そのあと、俺はアリスの店から少し離れた場所に馬を走らせる。


そこはちょうどアリスの店からは見えない場所にある林の奥だった。



俺にはまだやるべきことが残っている。



「よう、何してるんだ? シナリオ。」



俺は話しかける。



そこにはシナリオがいた。


シナリオのことだから俺には勝てないと考えて、復讐のためにアリスの店を襲うのは目に見えていた。


だから念のために耳を澄ましてどこかに人の気配がないか探っていたのだ。


二、三日はこの辺で様子を見ようかと思っていたのでこんなに早く復讐に来たのは予想外だったけどな。


俺は馬から降りシナリオに話しかける。


「こんなところになんでいるんだ? お友達まで一緒だし。」

「ちっ、気づいたか。おい、出て来ていいぞ。」


シナリオが声を出すと木の陰から黒ずくめの男たちが出て来た。
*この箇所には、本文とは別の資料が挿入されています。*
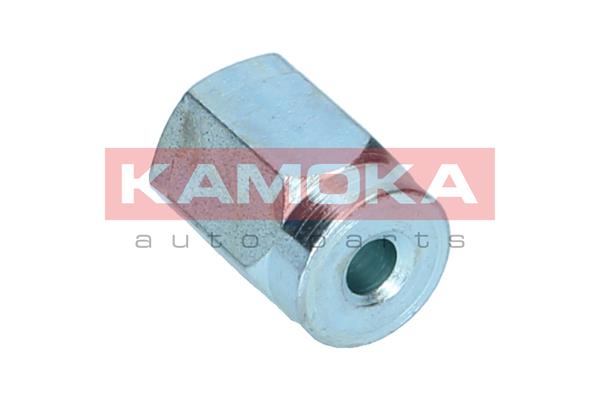 Connector, brake pipe - 1179219 KAMOKA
皆、手に武器を持っている。


「なかなか愉快な仲間じゃないか。パーティーでもしてたのか? 俺も混ぜてくれよ。」

「くっくっく。必死に強がっている人間を見るのは楽しいな。いくらお前でもこいつらには敵わない。こいつらは俺が暗殺ギルドから雇った連中だ。いわば殺しのプロ、お前に勝ち目はない。」

「暗殺ギルドのくせに俺の前に姿晒してちゃダメな気もするけどな。いいよ。全員まとめてかかってこい。」

「言われなくてもやってやるさ! 全員、かかれ!」


シナリオの号令に合わせて黒ずくめの連中が一斉に俺に襲いかかる。


俺はディセンダートを抜き、


「俺の全経験値よ。ディセンダートに。」


俺が経験値の存在を知らなかったがために溜まりに溜まった俺の経験値を全てディセンダートに注ぎ込む。


そしてーーーー!


「せいっ!」


刀を振るう。



暗殺ギルドの奴らは一瞬で崩れ落ちた。


「安心しろ、峰打ちだ。」

「な、な! あり得ない! アイツらは全員Aランク並みの強さなんだぞ!」


シナリオは狼狽える。


ちなみに峰打ちにした理由だが、別に殺生を嫌ったとかではない、「安心しろ、峰打ちだ」って言いたかったからだ。
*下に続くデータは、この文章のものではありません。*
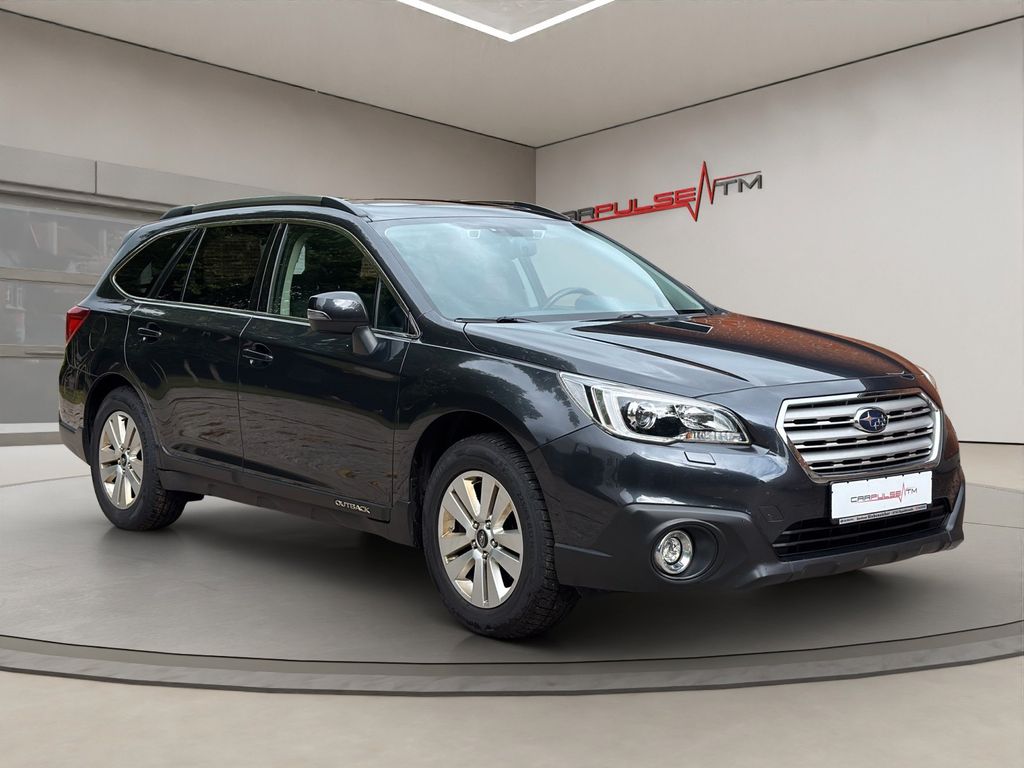 Image of Subaru Outback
このセリフは俺の言ってみたいセリフランキング二位の憧れのセリフなのだ。


ちなみに一位はかめ◯め波だ。ぜひ言いたい。っていうか撃ちたい。


そんなことはどうでもいいか、今はシナリオだな。


俺はセリフの余韻に浸ることもなく魔法を唱える。


「ラース・ラン・メルト」


「な、何をした?」


シナリオは訳が分からず怯えている。

俺は説明する。


「今お前にかけた魔法は呪いだ。お前が俺やアリスの店に敵意を向けた瞬間お前の心臓は止まる。誰かに依頼しても無駄だ。この呪いはお前の敵意に反応するからな。」

「し、心臓? 止まる? 」


シナリオはもう死にそうな表情だ。


もちろんだがな呪い云々と言ったのは嘘だ。俺に呪術系の魔法は使えないが、シナリオはそんなことを知らない。だから実際の効果は無くても脅しとしては機能する。
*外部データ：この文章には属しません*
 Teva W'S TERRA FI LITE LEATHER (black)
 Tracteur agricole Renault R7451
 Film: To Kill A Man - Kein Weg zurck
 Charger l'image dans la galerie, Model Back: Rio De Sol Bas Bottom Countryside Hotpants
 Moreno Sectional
「さっさとこの黒づくめどもを連れて去れ。次は呪いなんて周りくどいことしないで殺す。」


シナリオはもう俺に恨みを抱かなかった。

奴の俺に対する感情は怯えだけだ。



俺は崩れ落ちたシナリオを置いて馬に乗る。



こうしてやっと事件は解決した。



だが、この事件がきっかけでさらに面倒くさいことになることを俺は知らなかった。